From the first line of the records through the line containing "Pre Owned Aigner", retype every line exactly and nothing else.

(Material shown):
━━━

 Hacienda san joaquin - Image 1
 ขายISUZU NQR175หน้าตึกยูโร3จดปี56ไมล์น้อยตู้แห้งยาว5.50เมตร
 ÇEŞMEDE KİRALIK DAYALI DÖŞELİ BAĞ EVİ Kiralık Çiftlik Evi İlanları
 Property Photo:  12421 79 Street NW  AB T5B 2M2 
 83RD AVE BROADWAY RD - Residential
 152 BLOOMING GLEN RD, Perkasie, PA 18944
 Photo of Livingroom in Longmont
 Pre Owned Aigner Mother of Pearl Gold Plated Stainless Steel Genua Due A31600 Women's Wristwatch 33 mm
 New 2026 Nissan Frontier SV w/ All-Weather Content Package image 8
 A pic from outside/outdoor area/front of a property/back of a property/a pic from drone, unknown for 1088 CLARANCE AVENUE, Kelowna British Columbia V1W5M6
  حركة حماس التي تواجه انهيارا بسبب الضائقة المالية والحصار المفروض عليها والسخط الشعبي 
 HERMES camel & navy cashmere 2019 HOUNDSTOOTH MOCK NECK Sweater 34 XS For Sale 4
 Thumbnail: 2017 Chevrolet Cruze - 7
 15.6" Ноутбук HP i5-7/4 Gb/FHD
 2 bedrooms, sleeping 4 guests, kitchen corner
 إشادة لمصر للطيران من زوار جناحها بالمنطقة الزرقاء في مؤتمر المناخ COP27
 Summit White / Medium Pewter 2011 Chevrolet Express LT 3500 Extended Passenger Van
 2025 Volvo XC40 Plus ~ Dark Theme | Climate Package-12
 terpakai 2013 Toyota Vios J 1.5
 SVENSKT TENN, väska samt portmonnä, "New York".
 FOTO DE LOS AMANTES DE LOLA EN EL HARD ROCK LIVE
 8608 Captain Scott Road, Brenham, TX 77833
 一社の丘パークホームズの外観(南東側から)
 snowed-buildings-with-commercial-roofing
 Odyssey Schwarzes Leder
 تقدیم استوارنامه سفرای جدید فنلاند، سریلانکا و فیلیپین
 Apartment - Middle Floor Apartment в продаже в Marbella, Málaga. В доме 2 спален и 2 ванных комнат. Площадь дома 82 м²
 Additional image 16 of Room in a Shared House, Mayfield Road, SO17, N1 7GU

━━━

(Exercise solution):
 Hacienda san joaquin - Image 1
 ขายISUZU NQR175หน้าตึกยูโร3จดปี56ไมล์น้อยตู้แห้งยาว5.50เมตร
 ÇEŞMEDE KİRALIK DAYALI DÖŞELİ BAĞ EVİ Kiralık Çiftlik Evi İlanları
 Property Photo:  12421 79 Street NW  AB T5B 2M2 
 83RD AVE BROADWAY RD - Residential
 152 BLOOMING GLEN RD, Perkasie, PA 18944
 Photo of Livingroom in Longmont
 Pre Owned Aigner Mother of Pearl Gold Plated Stainless Steel Genua Due A31600 Women's Wristwatch 33 mm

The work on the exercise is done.